The schedules are also commonly known as C-I, C-II, C-III, C-IV and C-V. As a rule, the schedule to which a drug is assigned dictates the degree of precaution associated with it in the clinical supply chain. 1
Registration and recordkeeping
In addition to classifying scheduled drugs based on abuse potential, the CSA established a closed system of distribution-essentially a sealed supply chain-around those authorized to handle controlled substances. Every person, organization, and activity connected to controlled drugs in any way requires prior authorization from the DEA, significantly increasing the complexities of supply chain management.
• Individuals. All individuals and firms responsible for manufacturing, importing, exporting, distributing, or dispensing a scheduled drug must apply for and obtain a DEA registration in advance.
• Activities. Each discrete activity involving a controlled drug requires a separate registration from the DEA. If an individual or firm is conducting multiple activities-such as importing and dispensing a scheduled drug, as a clinical investigator might in the conduct of a clinical trial-a separate registration is required for each independent activity. In the context of a clinical supply chain, the requirement for multiple registrations is commonplace.
• Locations. If any activities involving a controlled drug take place at multiple locations-as in the case of several distribution sites within the same region, for example-a separate registration is required for each location.
• Drugs. A registration applies only to the specific drug or drugs for which it was expressly issued. For instance, if the same clinical investigator is registered to use one Schedule II drug in a clinical trial, and the trial protocol is revised to substitute another drug from the same schedule, the investigator must obtain an entirely new registration for the drug specified in the protocol.
• Research protocols.The protocol itself must also be submitted to the DEA for prior approval before materials can be shipped and the trial can get underway.
Importantly, the DEA also requires all registrants to maintain complete and accurate inventories of scheduled drugs, security for the storage of controlled substances that will be described in further detail, and records of each and every transaction.

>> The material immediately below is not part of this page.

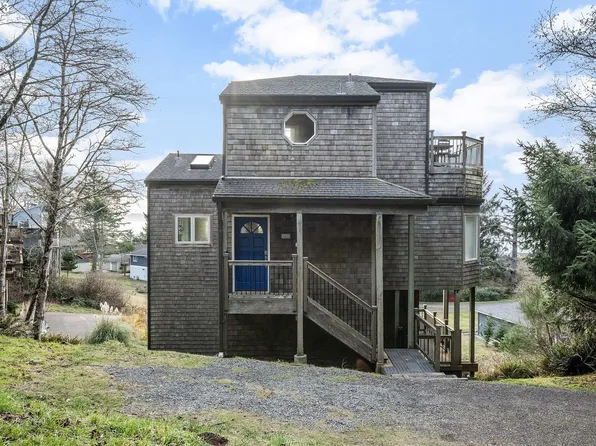 5425 Birch St NW, Oceanside, OR 97134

These records are subject to DEA audits and reconciliation.2
Key importing and exporting challenges
Given rigorous registration requirements, it stands to reason that importing and exporting scheduled drugs demands considerable and careful planning. Planning should allow sufficient time to complete multiple steps, many of which must take place sequentially.
• First, only individuals who are registered with and authorized by the DEA to import controlled substances may use and submit relevant paperwork, including declarations and applications for permits.

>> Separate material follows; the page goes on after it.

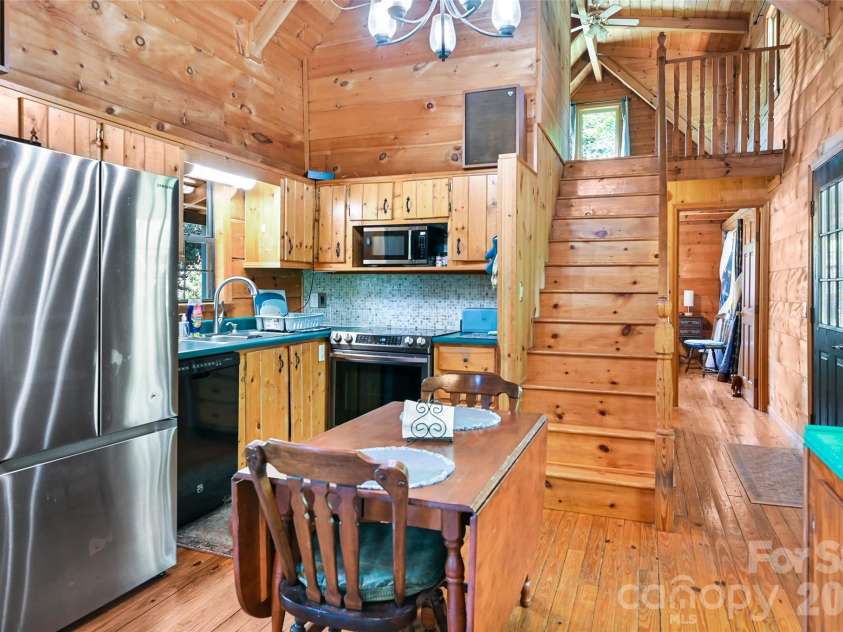 10 Black Locust Drive, Asheville, NC 28804.  MLS# CAR4371615, YatesRealty ID 16128.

• An importer must have any scheduled drug slated for import added to the DEA Import Registration. While timelines can vary, allowing four weeks for turnaround is recommended.
• DEA Form 357 must be submitted in order to import controlled substances for domestic and/or scientific purposes.

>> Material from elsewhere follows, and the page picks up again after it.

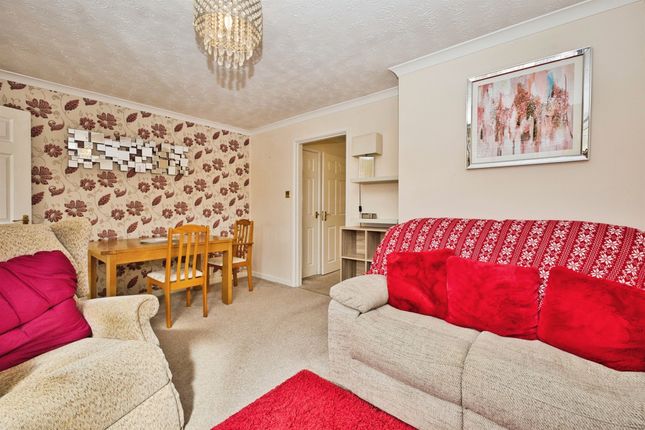 16, Malvern Court, YEOVIL photo 4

• The DEA will respond to receipt of Form 357 by issuing DEA Form 35, the permit to import controlled substances. From start to finish, this part of the approval cycle can take up to six weeks.
• A quota application is also required by both the receiving country and site for importing C-II controlled substances. This process can take from four to six weeks.2
As one can imagine, the regulations and number of countries to which a scheduled drug is being exported increases the complexity of the export process.
• The only individuals who may use and submit relevant paperwork, including declarations and applications for permits, are those registered with and authorized by the DEA to export controlled substances.
• An exporter must first add a scheduled drug for export to the DEA Export Registration, which generally requires a four-week turnaround.
• Obtaining a permit to export a drug requires submission of either DEA Form 161 or DEA Form 161R. Form 161 should be used for exporting a scheduled drug to a single country. However, if a scheduled drug is bound for one or more countries by way of another-in the case of a regional facility responsible for shipping clinical supplies to sites in multiple countries-then DEA Form 161R, the application for a permit to export a controlled substance for subsequent re-export, is used instead.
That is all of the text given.